======== Exercise inputs ========
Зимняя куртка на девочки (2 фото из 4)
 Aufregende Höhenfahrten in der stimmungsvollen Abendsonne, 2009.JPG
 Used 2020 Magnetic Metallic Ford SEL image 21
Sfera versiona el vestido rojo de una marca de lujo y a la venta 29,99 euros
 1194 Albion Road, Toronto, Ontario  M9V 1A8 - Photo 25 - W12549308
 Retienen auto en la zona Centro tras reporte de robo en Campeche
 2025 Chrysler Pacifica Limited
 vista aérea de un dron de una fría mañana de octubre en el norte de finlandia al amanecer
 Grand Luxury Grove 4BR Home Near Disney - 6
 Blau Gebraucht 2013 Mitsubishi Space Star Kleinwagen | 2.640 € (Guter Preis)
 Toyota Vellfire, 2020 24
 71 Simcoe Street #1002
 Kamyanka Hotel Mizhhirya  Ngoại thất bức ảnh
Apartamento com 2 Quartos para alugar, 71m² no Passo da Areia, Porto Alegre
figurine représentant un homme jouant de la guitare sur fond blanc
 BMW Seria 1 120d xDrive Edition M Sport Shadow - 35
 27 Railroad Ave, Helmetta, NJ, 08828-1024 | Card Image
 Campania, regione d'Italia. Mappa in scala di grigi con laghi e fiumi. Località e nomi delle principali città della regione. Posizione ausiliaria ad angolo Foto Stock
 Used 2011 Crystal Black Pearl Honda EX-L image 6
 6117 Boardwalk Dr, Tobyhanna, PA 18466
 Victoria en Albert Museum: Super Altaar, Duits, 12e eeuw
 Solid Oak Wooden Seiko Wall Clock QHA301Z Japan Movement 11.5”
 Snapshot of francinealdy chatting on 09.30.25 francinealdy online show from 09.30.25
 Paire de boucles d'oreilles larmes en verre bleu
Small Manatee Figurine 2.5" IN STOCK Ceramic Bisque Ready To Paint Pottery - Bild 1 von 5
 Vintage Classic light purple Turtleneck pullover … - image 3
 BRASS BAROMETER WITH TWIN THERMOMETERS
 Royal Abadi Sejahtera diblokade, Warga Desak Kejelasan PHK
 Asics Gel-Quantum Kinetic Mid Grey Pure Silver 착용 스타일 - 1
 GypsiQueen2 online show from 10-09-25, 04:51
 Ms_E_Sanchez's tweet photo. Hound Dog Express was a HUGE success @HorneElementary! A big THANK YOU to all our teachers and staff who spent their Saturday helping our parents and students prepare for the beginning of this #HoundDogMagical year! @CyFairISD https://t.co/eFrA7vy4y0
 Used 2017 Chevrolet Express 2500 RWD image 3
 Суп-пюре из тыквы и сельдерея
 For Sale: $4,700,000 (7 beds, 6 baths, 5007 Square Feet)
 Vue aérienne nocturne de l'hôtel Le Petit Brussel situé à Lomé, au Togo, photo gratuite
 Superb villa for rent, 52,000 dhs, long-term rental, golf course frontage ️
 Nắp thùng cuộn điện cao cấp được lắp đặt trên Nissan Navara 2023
========
There is a line with "Victoria en Albert" and a line with "GypsiQueen2 online show from 10-09-25, 04:51" above. Copy exactly those two lines and all lines between them, with nothing else.

* Task result
 Victoria en Albert Museum: Super Altaar, Duits, 12e eeuw
 Solid Oak Wooden Seiko Wall Clock QHA301Z Japan Movement 11.5”
 Snapshot of francinealdy chatting on 09.30.25 francinealdy online show from 09.30.25
 Paire de boucles d'oreilles larmes en verre bleu
Small Manatee Figurine 2.5" IN STOCK Ceramic Bisque Ready To Paint Pottery - Bild 1 von 5
 Vintage Classic light purple Turtleneck pullover … - image 3
 BRASS BAROMETER WITH TWIN THERMOMETERS
 Royal Abadi Sejahtera diblokade, Warga Desak Kejelasan PHK
 Asics Gel-Quantum Kinetic Mid Grey Pure Silver 착용 스타일 - 1
 GypsiQueen2 online show from 10-09-25, 04:51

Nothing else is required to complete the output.